Clients of Schwab Charitable were feeling exceptionally generous over the last year.

The donor-advised fund handed out $822 million in grants to 34,500 charities during the year ended June 30 -- a 38% increase over the previous 12-month period.

"We've been thrilled to see our donors granting as much as they have been," said Kim Laughton, president of Schwab Charitable, one of the country's largest such funds. "Part of it is the economy is recovering and the stock market is going strong again, so people are feeling more comfortable in sharing the wealth they have with charities."

Stable federal tax rates also have propelled more giving, she says. Two years ago, the so-called fiscal cliff showdown -- which stoked investor fears that the feds would dramatically increase estate taxes by Jan. 1, 2013 -- created uncertainty for many planning clients.
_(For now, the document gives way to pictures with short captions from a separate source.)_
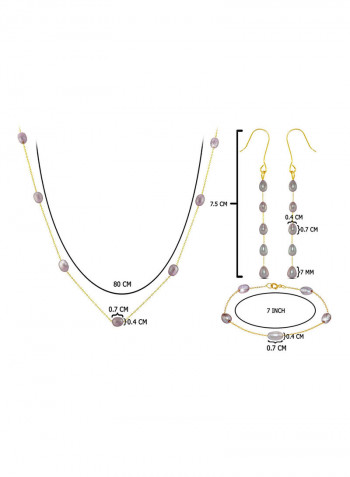 18 Karat Gold Pearls 3 Piece Jewellery Set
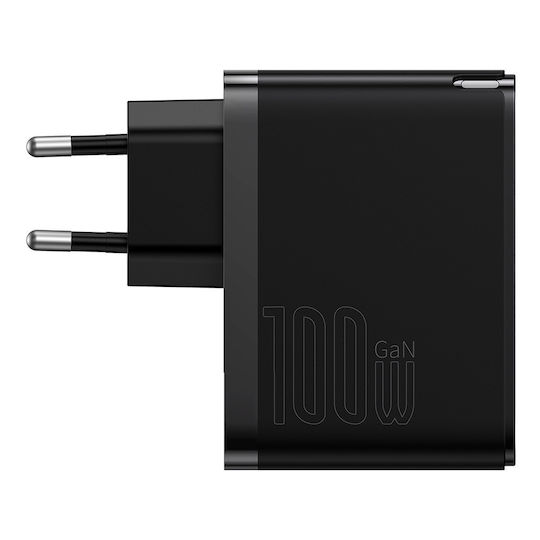 Baseus Încărcător GaN cu Port USB-A și Port USB-C și Cablu USB-C 100W Livrarea energiei / Quick Charge 4+ Negruς (Gan5)
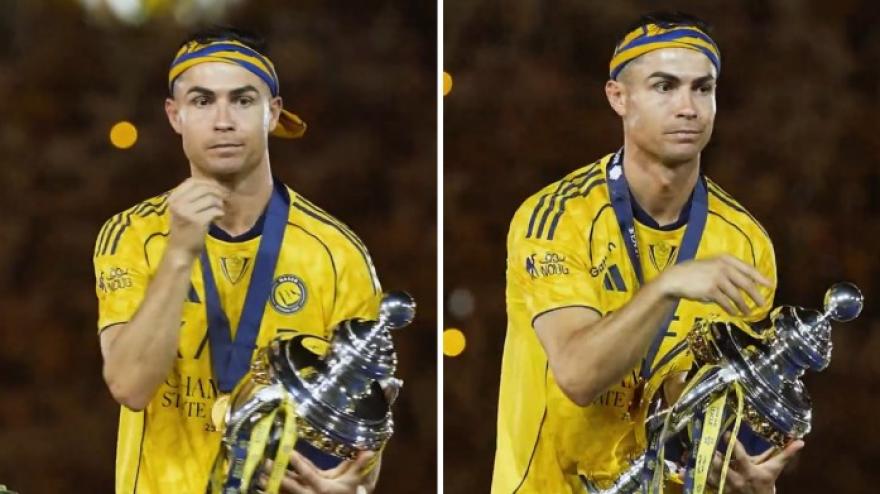 gli strani gesti di cristiano ronaldo durante i festeggiamenti dell8217al nassr da Gazzetta.it gli strani gesti di cristiano ronaldo durante i festeggiamenti dell8217al nassr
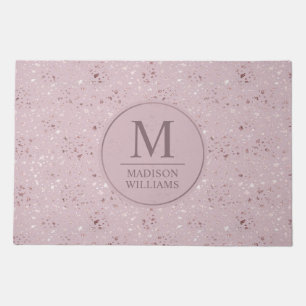 Custom Soft Blush Pastel Pink Gold Glitter Pattern Doormat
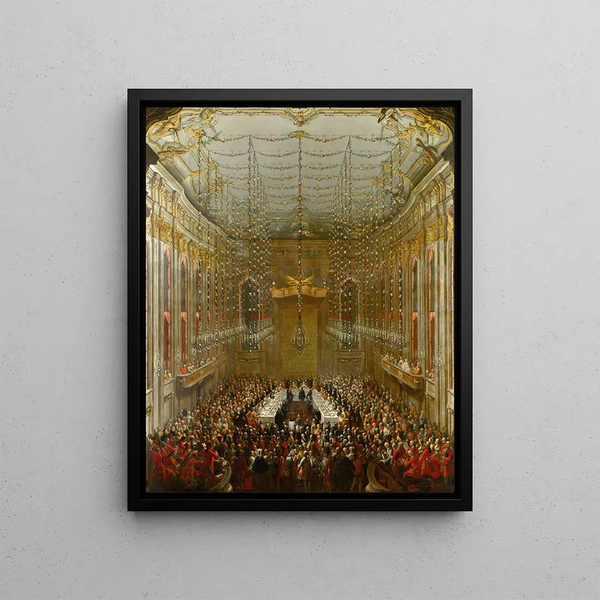Wedding Supper Painting - Martin van Meytens — framed artwork on a wall
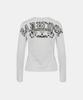 BADBLOOD Mystic Print Fitted Long Sleeve T-Shirt - White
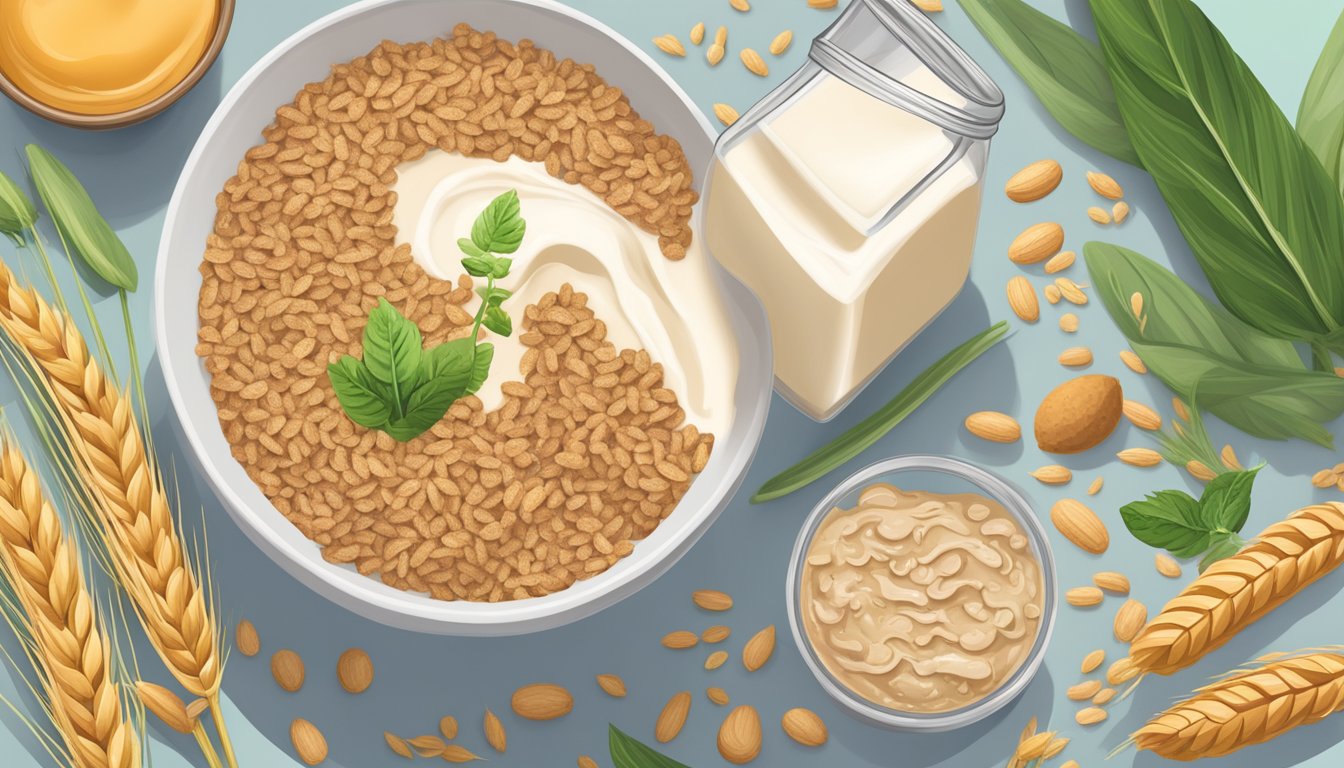 A bowl of wheat bran surrounded by various vegan ingredients and a plant-based milk carton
Also driving the giving is the increasing popularity of donor-advised funds like Schwab Charitable, Laughton says. These funds allow investors to get an immediate tax break by donating money into the fund; they can take time later to identify recipient charities.

These funds also simplify the process of giving both for the donor and recipient, Laughton says: "Rather than donate 10 shares of Apple stock to a charity," which creates paperwork headaches for charities, "you can donate it to your donor-advised fund and then turn around and give [the value of the shares] to your charity."


Assets in Schwab's donor-advised fund are accumulating as well.

Since its inception, Schwab Charitable has received over $9.8 billion in contributions and has facilitated more than $4.4 billion in grants to charities on behalf of its donors, according to a company release.

While more than 45% of its funds have been donated, Schwab Charitable reported $6.4 billion in assets under management as of June 30, up from $4.8 billion a year earlier.

Investors who donate into the fund have 13 investment options to choose from, with a 14th to be added on Aug. 1, Laughton says.

With minimum account sizes of $5,000, clients' charitable accounts currently range in size up to $800 million and above, she adds.

"We do cater to a huge range of clients," she says. "The larger accounts tend to gift out over generations."


Overall, the average distribution rate for Schwab's donor-advised funds is 20%, she says.

Funds that are aimed at building real estate and accomplishing major capital improvements typically gift large chunks periodically, she adds.

Charitable planning is one of the top three services offered by RIAs to supplement their core investment advisory business, according to Schwab's 2014 Independent Advisor Outlook study of 720 investment advisors -- outranking estate planning in popularity among investors and falling just behind long-term financial planning and advice on employee-sponsored retirement accounts, Schwab says.